--- Exercise brief ---
Your answer must contain each line of the data, copied exactly.

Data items
===
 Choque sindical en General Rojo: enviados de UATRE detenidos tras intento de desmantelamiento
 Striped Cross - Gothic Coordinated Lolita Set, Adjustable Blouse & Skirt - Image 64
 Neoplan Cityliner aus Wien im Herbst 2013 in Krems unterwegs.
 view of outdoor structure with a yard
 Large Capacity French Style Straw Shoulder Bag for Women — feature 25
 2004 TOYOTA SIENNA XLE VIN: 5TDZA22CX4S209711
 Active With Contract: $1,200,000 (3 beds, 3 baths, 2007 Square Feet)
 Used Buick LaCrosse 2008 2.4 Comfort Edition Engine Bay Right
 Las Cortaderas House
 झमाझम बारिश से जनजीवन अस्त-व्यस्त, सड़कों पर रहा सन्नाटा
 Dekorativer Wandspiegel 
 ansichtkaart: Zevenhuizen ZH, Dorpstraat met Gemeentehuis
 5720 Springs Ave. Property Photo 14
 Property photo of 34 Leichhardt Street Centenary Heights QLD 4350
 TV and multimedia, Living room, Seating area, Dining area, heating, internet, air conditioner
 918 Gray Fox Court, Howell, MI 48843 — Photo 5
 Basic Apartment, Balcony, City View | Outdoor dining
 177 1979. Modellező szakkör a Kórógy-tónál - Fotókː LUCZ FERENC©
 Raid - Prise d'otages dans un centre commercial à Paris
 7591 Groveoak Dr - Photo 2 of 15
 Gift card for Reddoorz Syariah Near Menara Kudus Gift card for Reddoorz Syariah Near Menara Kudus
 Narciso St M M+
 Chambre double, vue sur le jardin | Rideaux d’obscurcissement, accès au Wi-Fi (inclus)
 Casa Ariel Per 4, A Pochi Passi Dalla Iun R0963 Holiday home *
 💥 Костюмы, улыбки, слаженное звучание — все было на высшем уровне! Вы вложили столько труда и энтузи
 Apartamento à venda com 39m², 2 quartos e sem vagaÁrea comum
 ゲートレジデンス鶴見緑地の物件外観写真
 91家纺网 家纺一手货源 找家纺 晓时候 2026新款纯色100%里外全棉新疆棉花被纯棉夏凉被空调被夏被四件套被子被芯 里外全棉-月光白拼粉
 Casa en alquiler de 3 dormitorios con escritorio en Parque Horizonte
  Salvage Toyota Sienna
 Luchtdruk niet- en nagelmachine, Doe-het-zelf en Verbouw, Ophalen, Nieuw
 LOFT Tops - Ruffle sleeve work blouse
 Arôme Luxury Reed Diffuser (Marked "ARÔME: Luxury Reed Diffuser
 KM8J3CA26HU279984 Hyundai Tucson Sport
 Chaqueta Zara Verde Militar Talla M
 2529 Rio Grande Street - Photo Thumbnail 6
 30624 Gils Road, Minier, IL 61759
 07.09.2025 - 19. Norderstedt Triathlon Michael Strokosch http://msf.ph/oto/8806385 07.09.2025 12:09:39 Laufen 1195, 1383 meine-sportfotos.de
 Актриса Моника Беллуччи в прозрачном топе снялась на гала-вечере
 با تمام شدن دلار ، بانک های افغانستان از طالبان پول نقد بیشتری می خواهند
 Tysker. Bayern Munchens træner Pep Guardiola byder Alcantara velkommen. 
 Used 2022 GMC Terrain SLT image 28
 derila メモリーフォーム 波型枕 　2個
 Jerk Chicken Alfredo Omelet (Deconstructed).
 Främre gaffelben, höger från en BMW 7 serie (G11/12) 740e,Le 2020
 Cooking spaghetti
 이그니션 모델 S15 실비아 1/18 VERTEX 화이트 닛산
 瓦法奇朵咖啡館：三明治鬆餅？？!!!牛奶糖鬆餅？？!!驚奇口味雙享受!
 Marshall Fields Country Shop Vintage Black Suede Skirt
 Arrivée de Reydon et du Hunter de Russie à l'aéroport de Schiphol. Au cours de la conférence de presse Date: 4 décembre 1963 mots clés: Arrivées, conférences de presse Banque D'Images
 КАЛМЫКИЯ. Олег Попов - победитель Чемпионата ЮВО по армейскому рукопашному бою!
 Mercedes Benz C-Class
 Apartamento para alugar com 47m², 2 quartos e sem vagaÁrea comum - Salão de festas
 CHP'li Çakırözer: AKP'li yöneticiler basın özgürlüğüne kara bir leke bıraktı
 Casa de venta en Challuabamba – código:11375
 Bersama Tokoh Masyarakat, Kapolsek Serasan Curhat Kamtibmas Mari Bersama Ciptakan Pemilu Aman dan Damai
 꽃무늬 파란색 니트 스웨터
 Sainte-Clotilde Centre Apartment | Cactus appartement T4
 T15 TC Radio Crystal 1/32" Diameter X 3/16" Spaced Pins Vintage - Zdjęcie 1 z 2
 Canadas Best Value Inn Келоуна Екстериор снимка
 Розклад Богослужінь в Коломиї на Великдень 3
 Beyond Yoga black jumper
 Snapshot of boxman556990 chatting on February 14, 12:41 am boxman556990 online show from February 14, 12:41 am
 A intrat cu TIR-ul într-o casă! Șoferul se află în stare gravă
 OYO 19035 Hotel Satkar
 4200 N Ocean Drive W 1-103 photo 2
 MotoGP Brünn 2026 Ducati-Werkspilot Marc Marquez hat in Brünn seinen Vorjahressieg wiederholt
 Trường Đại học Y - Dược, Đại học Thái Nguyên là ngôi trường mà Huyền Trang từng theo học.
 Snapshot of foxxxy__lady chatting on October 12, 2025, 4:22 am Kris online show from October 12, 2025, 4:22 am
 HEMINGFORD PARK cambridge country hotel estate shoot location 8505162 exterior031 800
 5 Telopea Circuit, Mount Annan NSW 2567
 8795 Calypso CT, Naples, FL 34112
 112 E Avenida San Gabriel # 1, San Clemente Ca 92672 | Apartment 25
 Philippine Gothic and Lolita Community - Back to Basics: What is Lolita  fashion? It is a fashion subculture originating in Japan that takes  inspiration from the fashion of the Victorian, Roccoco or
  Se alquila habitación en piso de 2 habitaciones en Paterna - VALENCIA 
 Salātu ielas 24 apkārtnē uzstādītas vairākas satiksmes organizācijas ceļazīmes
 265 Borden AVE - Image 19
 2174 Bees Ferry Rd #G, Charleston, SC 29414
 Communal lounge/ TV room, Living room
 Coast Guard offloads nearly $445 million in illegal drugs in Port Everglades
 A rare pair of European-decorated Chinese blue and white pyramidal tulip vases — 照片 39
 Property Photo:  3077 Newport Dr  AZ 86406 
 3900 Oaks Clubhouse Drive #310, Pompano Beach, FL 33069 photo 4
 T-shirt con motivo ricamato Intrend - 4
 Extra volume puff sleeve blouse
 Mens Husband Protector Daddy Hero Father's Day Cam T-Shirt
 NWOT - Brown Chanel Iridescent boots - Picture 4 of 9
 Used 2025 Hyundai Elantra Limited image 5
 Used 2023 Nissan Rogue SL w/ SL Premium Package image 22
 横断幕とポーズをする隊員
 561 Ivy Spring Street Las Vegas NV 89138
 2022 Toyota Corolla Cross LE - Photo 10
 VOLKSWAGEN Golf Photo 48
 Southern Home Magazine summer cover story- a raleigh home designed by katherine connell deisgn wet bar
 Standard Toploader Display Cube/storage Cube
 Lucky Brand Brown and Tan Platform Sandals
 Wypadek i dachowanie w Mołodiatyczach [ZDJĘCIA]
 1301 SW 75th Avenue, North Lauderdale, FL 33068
===
--- Solution for this task ---
 Choque sindical en General Rojo: enviados de UATRE detenidos tras intento de desmantelamiento
 Striped Cross - Gothic Coordinated Lolita Set, Adjustable Blouse & Skirt - Image 64
 Neoplan Cityliner aus Wien im Herbst 2013 in Krems unterwegs.
 view of outdoor structure with a yard
 Large Capacity French Style Straw Shoulder Bag for Women — feature 25
 2004 TOYOTA SIENNA XLE VIN: 5TDZA22CX4S209711
 Active With Contract: $1,200,000 (3 beds, 3 baths, 2007 Square Feet)
 Used Buick LaCrosse 2008 2.4 Comfort Edition Engine Bay Right
 Las Cortaderas House
 झमाझम बारिश से जनजीवन अस्त-व्यस्त, सड़कों पर रहा सन्नाटा
 Dekorativer Wandspiegel 
 ansichtkaart: Zevenhuizen ZH, Dorpstraat met Gemeentehuis
 5720 Springs Ave. Property Photo 14
 Property photo of 34 Leichhardt Street Centenary Heights QLD 4350
 TV and multimedia, Living room, Seating area, Dining area, heating, internet, air conditioner
 918 Gray Fox Court, Howell, MI 48843 — Photo 5
 Basic Apartment, Balcony, City View | Outdoor dining
 177 1979. Modellező szakkör a Kórógy-tónál - Fotókː LUCZ FERENC©
 Raid - Prise d'otages dans un centre commercial à Paris
 7591 Groveoak Dr - Photo 2 of 15
 Gift card for Reddoorz Syariah Near Menara Kudus Gift card for Reddoorz Syariah Near Menara Kudus
 Narciso St M M+
 Chambre double, vue sur le jardin | Rideaux d’obscurcissement, accès au Wi-Fi (inclus)
 Casa Ariel Per 4, A Pochi Passi Dalla Iun R0963 Holiday home *
 💥 Костюмы, улыбки, слаженное звучание — все было на высшем уровне! Вы вложили столько труда и энтузи
 Apartamento à venda com 39m², 2 quartos e sem vagaÁrea comum
 ゲートレジデンス鶴見緑地の物件外観写真
 91家纺网 家纺一手货源 找家纺 晓时候 2026新款纯色100%里外全棉新疆棉花被纯棉夏凉被空调被夏被四件套被子被芯 里外全棉-月光白拼粉
 Casa en alquiler de 3 dormitorios con escritorio en Parque Horizonte
  Salvage Toyota Sienna
 Luchtdruk niet- en nagelmachine, Doe-het-zelf en Verbouw, Ophalen, Nieuw
 LOFT Tops - Ruffle sleeve work blouse
 Arôme Luxury Reed Diffuser (Marked "ARÔME: Luxury Reed Diffuser
 KM8J3CA26HU279984 Hyundai Tucson Sport
 Chaqueta Zara Verde Militar Talla M
 2529 Rio Grande Street - Photo Thumbnail 6
 30624 Gils Road, Minier, IL 61759
 07.09.2025 - 19. Norderstedt Triathlon Michael Strokosch http://msf.ph/oto/8806385 07.09.2025 12:09:39 Laufen 1195, 1383 meine-sportfotos.de
 Актриса Моника Беллуччи в прозрачном топе снялась на гала-вечере
 با تمام شدن دلار ، بانک های افغانستان از طالبان پول نقد بیشتری می خواهند
 Tysker. Bayern Munchens træner Pep Guardiola byder Alcantara velkommen. 
 Used 2022 GMC Terrain SLT image 28
 derila メモリーフォーム 波型枕 　2個
 Jerk Chicken Alfredo Omelet (Deconstructed).
 Främre gaffelben, höger från en BMW 7 serie (G11/12) 740e,Le 2020
 Cooking spaghetti
 이그니션 모델 S15 실비아 1/18 VERTEX 화이트 닛산
 瓦法奇朵咖啡館：三明治鬆餅？？!!!牛奶糖鬆餅？？!!驚奇口味雙享受!
 Marshall Fields Country Shop Vintage Black Suede Skirt
 Arrivée de Reydon et du Hunter de Russie à l'aéroport de Schiphol. Au cours de la conférence de presse Date: 4 décembre 1963 mots clés: Arrivées, conférences de presse Banque D'Images
 КАЛМЫКИЯ. Олег Попов - победитель Чемпионата ЮВО по армейскому рукопашному бою!
 Mercedes Benz C-Class
 Apartamento para alugar com 47m², 2 quartos e sem vagaÁrea comum - Salão de festas
 CHP'li Çakırözer: AKP'li yöneticiler basın özgürlüğüne kara bir leke bıraktı
 Casa de venta en Challuabamba – código:11375
 Bersama Tokoh Masyarakat, Kapolsek Serasan Curhat Kamtibmas Mari Bersama Ciptakan Pemilu Aman dan Damai
 꽃무늬 파란색 니트 스웨터
 Sainte-Clotilde Centre Apartment | Cactus appartement T4
 T15 TC Radio Crystal 1/32" Diameter X 3/16" Spaced Pins Vintage - Zdjęcie 1 z 2
 Canadas Best Value Inn Келоуна Екстериор снимка
 Розклад Богослужінь в Коломиї на Великдень 3
 Beyond Yoga black jumper
 Snapshot of boxman556990 chatting on February 14, 12:41 am boxman556990 online show from February 14, 12:41 am
 A intrat cu TIR-ul într-o casă! Șoferul se află în stare gravă
 OYO 19035 Hotel Satkar
 4200 N Ocean Drive W 1-103 photo 2
 MotoGP Brünn 2026 Ducati-Werkspilot Marc Marquez hat in Brünn seinen Vorjahressieg wiederholt
 Trường Đại học Y - Dược, Đại học Thái Nguyên là ngôi trường mà Huyền Trang từng theo học.
 Snapshot of foxxxy__lady chatting on October 12, 2025, 4:22 am Kris online show from October 12, 2025, 4:22 am
 HEMINGFORD PARK cambridge country hotel estate shoot location 8505162 exterior031 800
 5 Telopea Circuit, Mount Annan NSW 2567
 8795 Calypso CT, Naples, FL 34112
 112 E Avenida San Gabriel # 1, San Clemente Ca 92672 | Apartment 25
 Philippine Gothic and Lolita Community - Back to Basics: What is Lolita  fashion? It is a fashion subculture originating in Japan that takes  inspiration from the fashion of the Victorian, Roccoco or
  Se alquila habitación en piso de 2 habitaciones en Paterna - VALENCIA 
 Salātu ielas 24 apkārtnē uzstādītas vairākas satiksmes organizācijas ceļazīmes
 265 Borden AVE - Image 19
 2174 Bees Ferry Rd #G, Charleston, SC 29414
 Communal lounge/ TV room, Living room
 Coast Guard offloads nearly $445 million in illegal drugs in Port Everglades
 A rare pair of European-decorated Chinese blue and white pyramidal tulip vases — 照片 39
 Property Photo:  3077 Newport Dr  AZ 86406 
 3900 Oaks Clubhouse Drive #310, Pompano Beach, FL 33069 photo 4
 T-shirt con motivo ricamato Intrend - 4
 Extra volume puff sleeve blouse
 Mens Husband Protector Daddy Hero Father's Day Cam T-Shirt
 NWOT - Brown Chanel Iridescent boots - Picture 4 of 9
 Used 2025 Hyundai Elantra Limited image 5
 Used 2023 Nissan Rogue SL w/ SL Premium Package image 22
 横断幕とポーズをする隊員
 561 Ivy Spring Street Las Vegas NV 89138
 2022 Toyota Corolla Cross LE - Photo 10
 VOLKSWAGEN Golf Photo 48
 Southern Home Magazine summer cover story- a raleigh home designed by katherine connell deisgn wet bar
 Standard Toploader Display Cube/storage Cube
 Lucky Brand Brown and Tan Platform Sandals
 Wypadek i dachowanie w Mołodiatyczach [ZDJĘCIA]
 1301 SW 75th Avenue, North Lauderdale, FL 33068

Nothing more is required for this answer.